While the Veteran's Administration doesn't recognize marijuana as a medicine, some physicians and mental health providers in the VA system will unofficially refer patients to medical marijuana-prescribing private physicians.
One of these physicians is Dr. Phillip Leveque in Oregon, who specializes in medical marijuana for PTSD. Leveque is a veteran combat infantryman, a pharmacologist, a forensic toxicologist and a physician. He is also a proponent of medical marijuana as a treatment for PTSD and some combat- and military service-related trauma.

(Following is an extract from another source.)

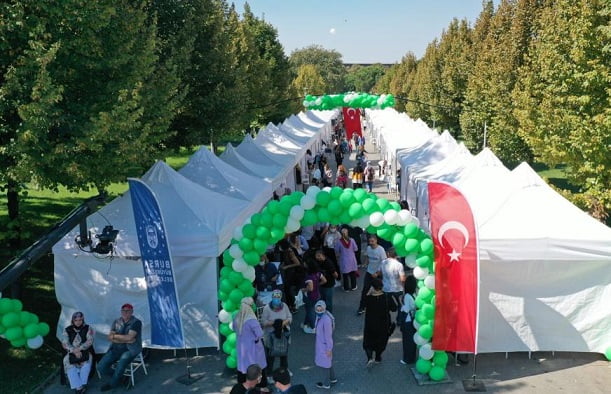 Sanata hayat veren eller festivali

He writes in Salem News: "PTSD in the war veterans is about 2 million patients with 22 suicides a day and 8,000 in the last one year. PTSD has been treated with a wide variety of medications. None of [which] work well, or consistently."
PTSD patients are often given painkillers, anti-depressants or both. The painkillers, often of the robust type like narcotics, are detrimental to leading a normal life due to their depressive nature. Anti-depressants, usually of the serotonin re-uptake inhibitor type, have many side effects, which can often be worse than the original problem.
Through unofficial referrals from the VA, Leveque says, he has treated more than 100 veterans with PTSD and various problems from service-related trauma – all with marijuana. Though he treats patients only in Oregon and Washington where medical marijuana is legal, he consults with patients nationally and has found that marijuana often works well where other methods have failed.
So far, few scientific studies into the use of marijuana to treat PTSD and similar mental illnesses have been conducted. Most have been done in Europe, given the difficulty researchers face in obtaining marijuana and gaining permissions to conduct research in the United States.